■ **Material supplied**:
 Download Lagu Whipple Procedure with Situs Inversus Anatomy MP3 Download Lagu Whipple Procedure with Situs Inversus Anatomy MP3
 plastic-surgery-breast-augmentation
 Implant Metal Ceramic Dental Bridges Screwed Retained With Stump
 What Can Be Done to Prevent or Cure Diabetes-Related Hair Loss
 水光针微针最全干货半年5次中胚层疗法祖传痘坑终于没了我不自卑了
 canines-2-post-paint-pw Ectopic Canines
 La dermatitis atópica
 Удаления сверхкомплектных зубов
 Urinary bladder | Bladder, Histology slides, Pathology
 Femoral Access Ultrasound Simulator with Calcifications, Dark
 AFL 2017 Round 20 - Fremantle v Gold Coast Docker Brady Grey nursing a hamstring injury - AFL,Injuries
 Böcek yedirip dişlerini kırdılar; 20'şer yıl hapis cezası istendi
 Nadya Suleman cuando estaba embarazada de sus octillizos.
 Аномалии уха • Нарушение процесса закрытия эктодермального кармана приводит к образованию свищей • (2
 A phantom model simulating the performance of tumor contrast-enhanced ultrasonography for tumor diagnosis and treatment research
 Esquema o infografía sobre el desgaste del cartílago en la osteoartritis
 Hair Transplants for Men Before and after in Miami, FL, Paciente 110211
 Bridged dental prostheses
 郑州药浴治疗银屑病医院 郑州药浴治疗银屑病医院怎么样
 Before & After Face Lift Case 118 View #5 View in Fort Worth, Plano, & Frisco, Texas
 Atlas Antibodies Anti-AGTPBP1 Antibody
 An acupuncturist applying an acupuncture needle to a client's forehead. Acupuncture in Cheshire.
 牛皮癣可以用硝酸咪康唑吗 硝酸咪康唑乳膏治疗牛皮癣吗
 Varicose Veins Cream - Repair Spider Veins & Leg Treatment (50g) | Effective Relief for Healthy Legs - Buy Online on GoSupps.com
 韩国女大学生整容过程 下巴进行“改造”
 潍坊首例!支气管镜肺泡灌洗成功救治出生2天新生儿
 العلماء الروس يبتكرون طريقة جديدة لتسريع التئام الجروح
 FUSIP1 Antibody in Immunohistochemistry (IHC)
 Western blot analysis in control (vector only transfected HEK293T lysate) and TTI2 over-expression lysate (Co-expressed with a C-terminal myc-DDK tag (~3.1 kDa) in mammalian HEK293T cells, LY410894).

■ **Exercise prompt**: Please copy each line from the material above in which the string "Hair" appears.

■ **Solution to this problem**:
 What Can Be Done to Prevent or Cure Diabetes-Related Hair Loss
 Hair Transplants for Men Before and after in Miami, FL, Paciente 110211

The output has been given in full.